**ASSIGNMENT:** The whole listing should be retyped word for word, apart from the pictures it holds.

**DATA PROVIDED:**
══════

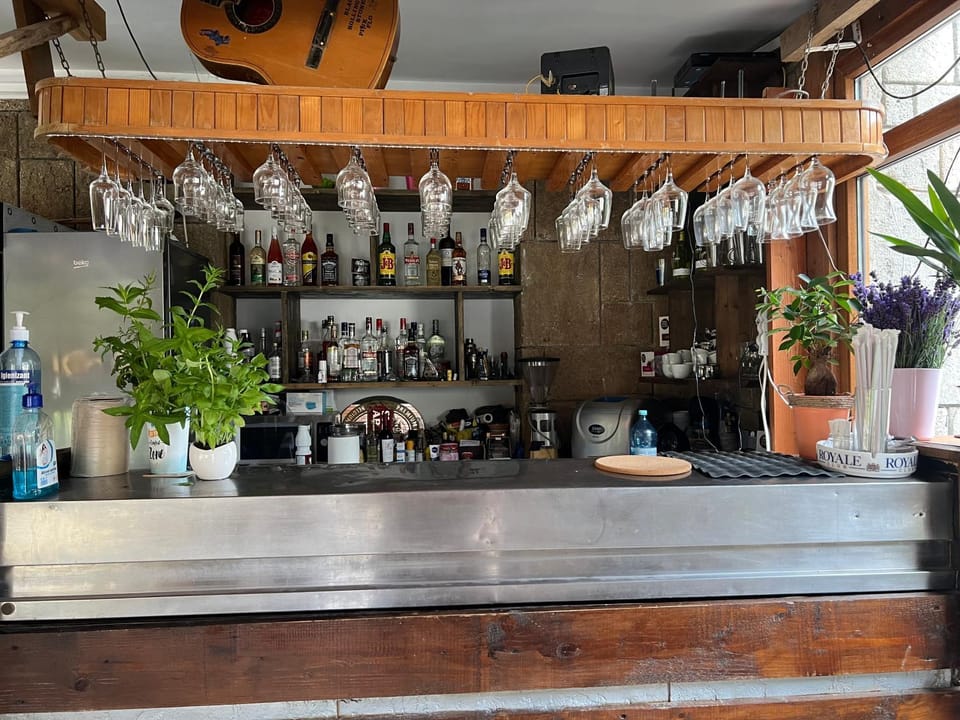 Lounge or bar, Drinks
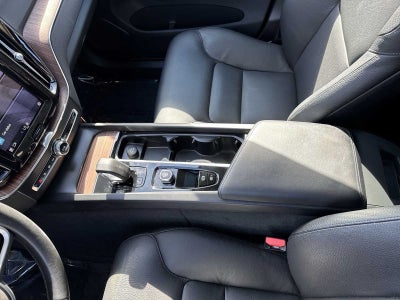 2023 Volvo XC60 Plus Dark Theme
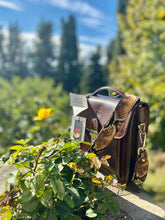 Load image into Gallery viewer, TOTUM Postino Bag (Tuscan Vegetable Leather)
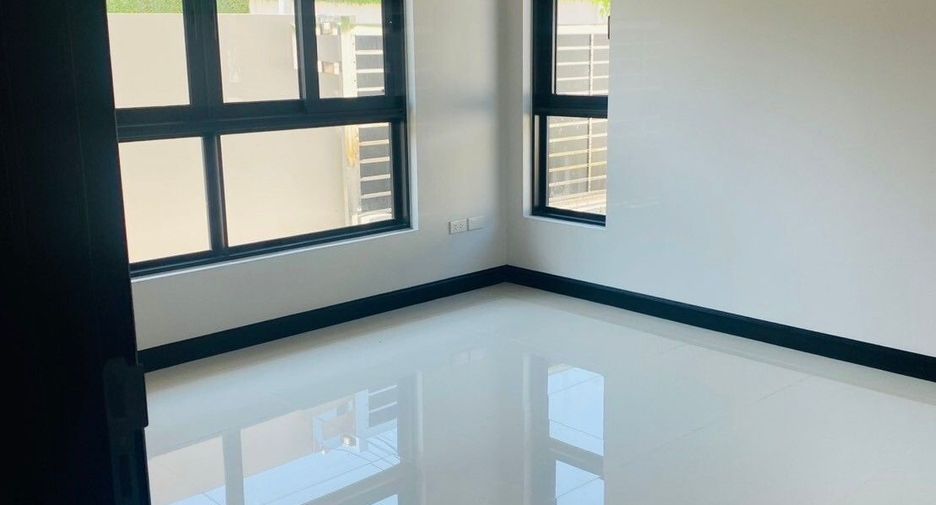 For sale 3 bedrooms house in Hua Hin, Prachuap Khiri Khan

══════

**EXERCISE RESPONSE:**
 Lounge or bar, Drinks
 2023 Volvo XC60 Plus Dark Theme
 Load image into Gallery viewer, TOTUM Postino Bag (Tuscan Vegetable Leather)
 For sale 3 bedrooms house in Hua Hin, Prachuap Khiri Khan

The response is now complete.